December 6, 2021 at 4:51pm
December 6, 2021 at 4:51pm
#1022889
A Baby Born

Baby born, A baby born (Refrain)
In a field, so long ago
Born in a manger made,
Of twigs and hay
With light to shine
And peace to share
His lasting love
And timeless grace
Sweet infant’s ageless gift
A present heaven sent
Just for me
and just for you


Baby born, A baby Born
Upon the night, a star so bright
Messenger and guiding light
One beacon of endless hope
For all the world, to finally see
The beauty that can truly be
With unbridled joy, and open hearts
Each year renewed, our faith reviewed
The truest meaning,
Of the new born season
Just for me
And just for you

(Refrain)

Baby Born, A baby Born
A savior, unto the world,
Goodness Pure, in swaddling cloth
Jubilation, for all mankind
Sweet Serenity, born among us
With Radiant blessing of promise
With light to shine, within us all
The joyous bell, to that calls us all
Peace delivered, the first Christmas season
Awakened each year in the hearts of man
Just for me
And just for you

(Refrain)

November 18, 2021 at 8:34am
November 18, 2021 at 8:34am
#1021857
Been a bit since I've been here, but I have been dealing with some life stressing items that I will not go into here.
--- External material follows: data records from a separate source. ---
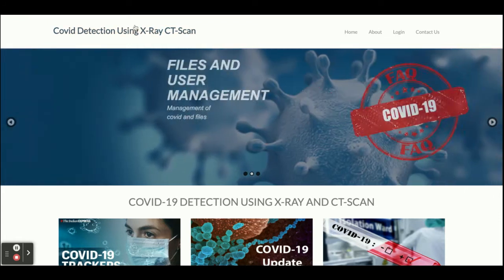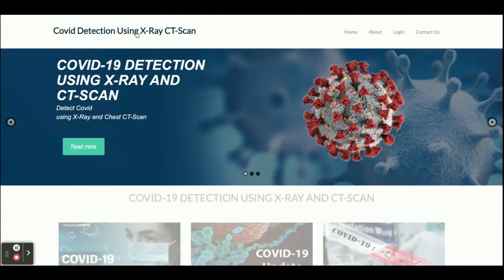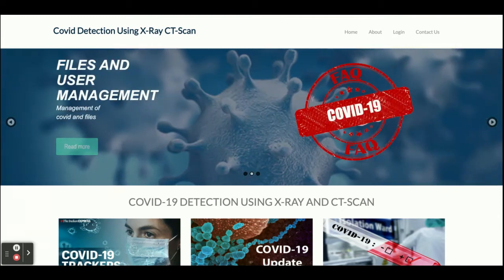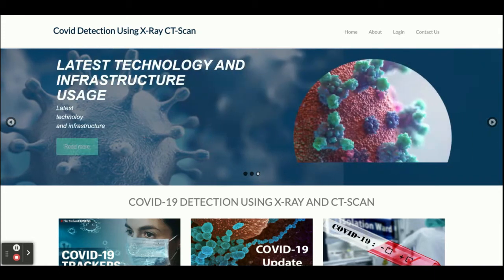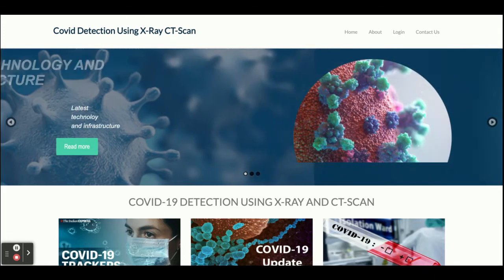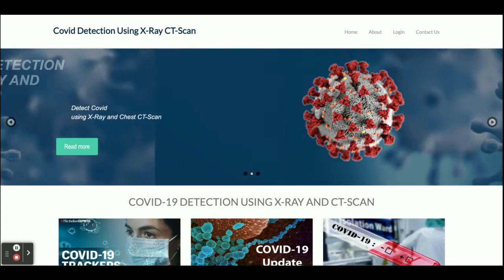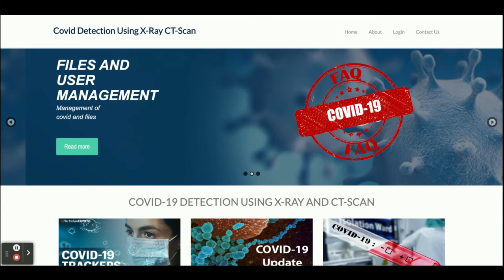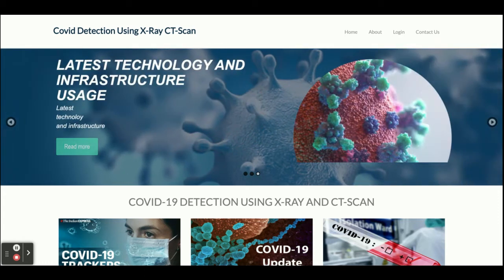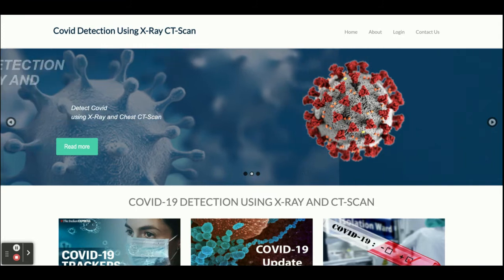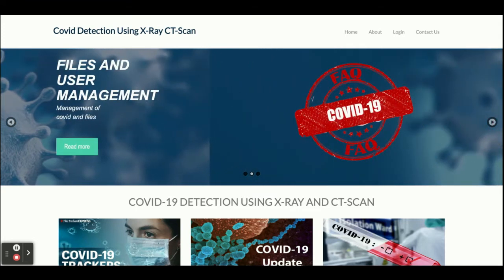Hello friends, welcome again. This is my new project: COVID detection using X-ray and CT scan. This is a machine learning project developed in Python, Django, and MySQL. The Python version I'm using is 3.7, Django version 2, and MySQL version 5.6. For connecting MySQL with Python and Django I'm using the MySQL connector — you can also use PyMySQL for running this project.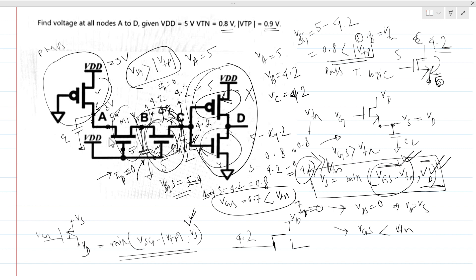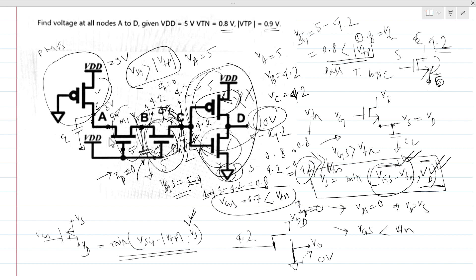With the PMOS off and NMOS on, the output is pulled down to ground through the NMOS. So Vout equals 0V. To summarize: VA equals 5V, VB equals 4.2V, VC equals 4.2V, and VD (Vout) equals 0V. This is the final answer — a very good interview question.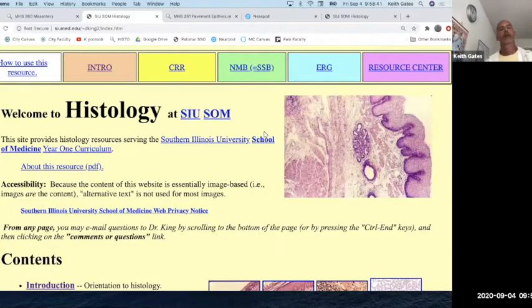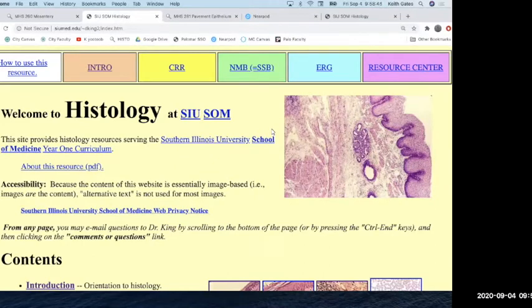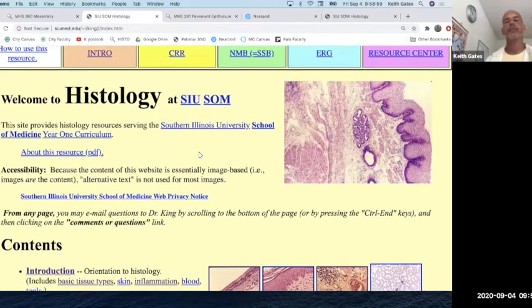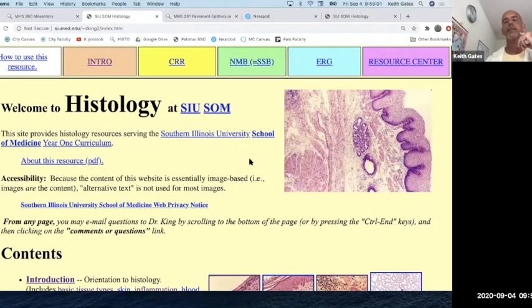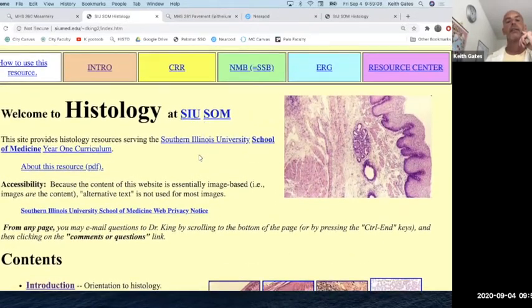Welcome. Today we're going over connective tissue histology, which will be with us for the entire course, so it's best to get this down now. If you want to go the extra mile, buy the Michael LaBoff book — it's a good thing to get. But this site here, Southern Illinois University School of Medicine, will kind of replace that. It's pathology-centered and has great descriptions.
I want to concentrate on the good that I see around me. It is Turkey month and all the Thanksgiving that goes along with that holiday. I am thankful for the people that have an indomitable spirit that carries them through life. They are inspiring and I treasure the energy that they exude. I am thankful of the people that I see giving to others each and every day.It is just a part of their nature and they don't see themselves as anything special, but believe me they make a difference in the world. Even if giving is part of your profession,there are some that have the ability to do it with more of an open heart than others. I am thankful a family that I not only love, but actually like most of the time. I enjoy spending time with them, which will serve me well this holiday season. Thankful reflection is always good for the soul.